Exercise
In the listing below, find the line holding "Silver Baseball Bat" and the line holding "LS2 Strobe Flip-Up". Write out those two lines and all lines between, exactly, and nothing more.

Data for this task
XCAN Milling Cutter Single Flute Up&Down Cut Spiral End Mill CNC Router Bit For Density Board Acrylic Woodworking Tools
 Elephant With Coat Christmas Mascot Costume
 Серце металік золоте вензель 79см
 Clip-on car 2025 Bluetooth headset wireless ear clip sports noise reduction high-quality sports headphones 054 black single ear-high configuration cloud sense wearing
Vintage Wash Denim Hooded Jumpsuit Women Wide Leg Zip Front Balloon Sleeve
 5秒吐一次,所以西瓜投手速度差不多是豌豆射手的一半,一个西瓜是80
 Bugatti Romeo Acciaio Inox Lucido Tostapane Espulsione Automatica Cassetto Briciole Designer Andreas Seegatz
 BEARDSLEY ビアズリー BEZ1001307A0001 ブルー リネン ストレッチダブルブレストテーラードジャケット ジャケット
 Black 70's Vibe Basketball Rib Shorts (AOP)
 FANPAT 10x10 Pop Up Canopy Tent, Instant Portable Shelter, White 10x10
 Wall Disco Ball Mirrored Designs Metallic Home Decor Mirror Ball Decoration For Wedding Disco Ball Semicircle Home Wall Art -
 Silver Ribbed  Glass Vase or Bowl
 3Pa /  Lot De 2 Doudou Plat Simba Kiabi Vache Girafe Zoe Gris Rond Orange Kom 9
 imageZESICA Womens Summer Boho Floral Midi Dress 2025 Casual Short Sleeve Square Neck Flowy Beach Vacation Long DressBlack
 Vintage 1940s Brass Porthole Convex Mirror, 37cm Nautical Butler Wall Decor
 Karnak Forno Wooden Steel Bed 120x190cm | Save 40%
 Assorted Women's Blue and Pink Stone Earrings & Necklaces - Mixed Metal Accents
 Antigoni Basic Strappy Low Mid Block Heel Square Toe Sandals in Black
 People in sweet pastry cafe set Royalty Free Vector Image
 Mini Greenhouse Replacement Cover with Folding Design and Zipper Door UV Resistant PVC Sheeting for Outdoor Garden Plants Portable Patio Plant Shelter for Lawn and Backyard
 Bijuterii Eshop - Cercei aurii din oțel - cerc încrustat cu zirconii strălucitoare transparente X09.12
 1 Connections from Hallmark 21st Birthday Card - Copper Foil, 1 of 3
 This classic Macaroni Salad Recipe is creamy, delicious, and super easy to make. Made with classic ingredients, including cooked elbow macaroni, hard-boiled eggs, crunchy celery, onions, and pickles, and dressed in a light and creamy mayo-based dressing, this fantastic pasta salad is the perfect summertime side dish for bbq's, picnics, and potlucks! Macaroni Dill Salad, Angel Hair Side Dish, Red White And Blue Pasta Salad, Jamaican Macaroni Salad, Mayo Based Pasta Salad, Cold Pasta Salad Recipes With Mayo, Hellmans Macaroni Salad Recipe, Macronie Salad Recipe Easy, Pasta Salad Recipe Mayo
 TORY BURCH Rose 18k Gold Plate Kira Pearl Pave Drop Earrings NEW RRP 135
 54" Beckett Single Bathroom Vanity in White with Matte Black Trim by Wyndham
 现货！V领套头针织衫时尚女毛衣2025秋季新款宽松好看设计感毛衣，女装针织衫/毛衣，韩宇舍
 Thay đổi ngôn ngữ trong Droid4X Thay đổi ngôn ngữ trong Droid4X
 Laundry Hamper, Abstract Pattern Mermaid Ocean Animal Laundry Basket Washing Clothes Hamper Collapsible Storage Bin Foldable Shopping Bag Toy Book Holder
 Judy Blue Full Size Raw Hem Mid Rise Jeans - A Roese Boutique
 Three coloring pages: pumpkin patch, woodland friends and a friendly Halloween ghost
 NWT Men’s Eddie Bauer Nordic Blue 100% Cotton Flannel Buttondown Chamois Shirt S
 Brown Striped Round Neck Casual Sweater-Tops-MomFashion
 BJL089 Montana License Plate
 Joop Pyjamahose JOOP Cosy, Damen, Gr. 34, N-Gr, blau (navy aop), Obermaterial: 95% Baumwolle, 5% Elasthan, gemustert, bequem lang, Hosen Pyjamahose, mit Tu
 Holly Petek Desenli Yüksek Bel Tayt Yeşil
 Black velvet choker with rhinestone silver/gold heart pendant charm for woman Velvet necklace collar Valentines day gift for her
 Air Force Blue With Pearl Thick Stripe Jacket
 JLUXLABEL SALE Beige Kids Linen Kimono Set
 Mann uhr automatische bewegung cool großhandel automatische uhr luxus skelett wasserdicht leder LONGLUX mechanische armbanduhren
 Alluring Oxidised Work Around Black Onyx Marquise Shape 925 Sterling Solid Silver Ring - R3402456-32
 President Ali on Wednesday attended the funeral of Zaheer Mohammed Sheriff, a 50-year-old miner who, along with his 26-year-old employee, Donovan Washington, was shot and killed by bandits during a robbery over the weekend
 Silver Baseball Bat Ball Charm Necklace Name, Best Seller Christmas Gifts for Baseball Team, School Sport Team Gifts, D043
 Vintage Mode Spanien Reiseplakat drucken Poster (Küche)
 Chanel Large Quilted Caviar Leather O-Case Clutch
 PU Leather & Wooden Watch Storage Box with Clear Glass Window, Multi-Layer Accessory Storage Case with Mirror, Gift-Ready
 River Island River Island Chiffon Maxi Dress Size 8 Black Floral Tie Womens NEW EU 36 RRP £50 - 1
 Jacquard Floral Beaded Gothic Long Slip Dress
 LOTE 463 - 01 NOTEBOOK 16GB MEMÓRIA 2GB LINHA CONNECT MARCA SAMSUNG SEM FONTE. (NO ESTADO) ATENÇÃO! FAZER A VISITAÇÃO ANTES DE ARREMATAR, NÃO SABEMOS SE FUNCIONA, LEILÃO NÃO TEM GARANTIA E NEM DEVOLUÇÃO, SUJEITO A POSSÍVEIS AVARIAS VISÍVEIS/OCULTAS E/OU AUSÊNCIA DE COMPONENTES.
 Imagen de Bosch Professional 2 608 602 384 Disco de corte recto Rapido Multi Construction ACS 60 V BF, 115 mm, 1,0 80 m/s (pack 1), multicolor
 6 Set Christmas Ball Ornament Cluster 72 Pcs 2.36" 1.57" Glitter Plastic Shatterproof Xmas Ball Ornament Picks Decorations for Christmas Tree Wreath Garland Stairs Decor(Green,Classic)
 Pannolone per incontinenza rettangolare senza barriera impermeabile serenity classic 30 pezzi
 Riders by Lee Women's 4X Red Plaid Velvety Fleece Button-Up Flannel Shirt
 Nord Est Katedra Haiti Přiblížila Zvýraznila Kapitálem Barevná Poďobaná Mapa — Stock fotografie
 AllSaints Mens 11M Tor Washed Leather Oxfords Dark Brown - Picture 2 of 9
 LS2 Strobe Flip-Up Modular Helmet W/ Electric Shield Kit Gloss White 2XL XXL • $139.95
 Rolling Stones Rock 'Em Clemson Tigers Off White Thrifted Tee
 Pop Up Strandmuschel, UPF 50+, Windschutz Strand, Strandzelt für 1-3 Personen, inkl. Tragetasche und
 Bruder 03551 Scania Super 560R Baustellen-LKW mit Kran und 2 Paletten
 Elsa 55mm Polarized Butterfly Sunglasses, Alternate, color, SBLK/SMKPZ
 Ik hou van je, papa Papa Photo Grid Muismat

Output of the task
 Silver Baseball Bat Ball Charm Necklace Name, Best Seller Christmas Gifts for Baseball Team, School Sport Team Gifts, D043
 Vintage Mode Spanien Reiseplakat drucken Poster (Küche)
 Chanel Large Quilted Caviar Leather O-Case Clutch
 PU Leather & Wooden Watch Storage Box with Clear Glass Window, Multi-Layer Accessory Storage Case with Mirror, Gift-Ready
 River Island River Island Chiffon Maxi Dress Size 8 Black Floral Tie Womens NEW EU 36 RRP £50 - 1
 Jacquard Floral Beaded Gothic Long Slip Dress
 LOTE 463 - 01 NOTEBOOK 16GB MEMÓRIA 2GB LINHA CONNECT MARCA SAMSUNG SEM FONTE. (NO ESTADO) ATENÇÃO! FAZER A VISITAÇÃO ANTES DE ARREMATAR, NÃO SABEMOS SE FUNCIONA, LEILÃO NÃO TEM GARANTIA E NEM DEVOLUÇÃO, SUJEITO A POSSÍVEIS AVARIAS VISÍVEIS/OCULTAS E/OU AUSÊNCIA DE COMPONENTES.
 Imagen de Bosch Professional 2 608 602 384 Disco de corte recto Rapido Multi Construction ACS 60 V BF, 115 mm, 1,0 80 m/s (pack 1), multicolor
 6 Set Christmas Ball Ornament Cluster 72 Pcs 2.36" 1.57" Glitter Plastic Shatterproof Xmas Ball Ornament Picks Decorations for Christmas Tree Wreath Garland Stairs Decor(Green,Classic)
 Pannolone per incontinenza rettangolare senza barriera impermeabile serenity classic 30 pezzi
 Riders by Lee Women's 4X Red Plaid Velvety Fleece Button-Up Flannel Shirt
 Nord Est Katedra Haiti Přiblížila Zvýraznila Kapitálem Barevná Poďobaná Mapa — Stock fotografie
 AllSaints Mens 11M Tor Washed Leather Oxfords Dark Brown - Picture 2 of 9
 LS2 Strobe Flip-Up Modular Helmet W/ Electric Shield Kit Gloss White 2XL XXL • $139.95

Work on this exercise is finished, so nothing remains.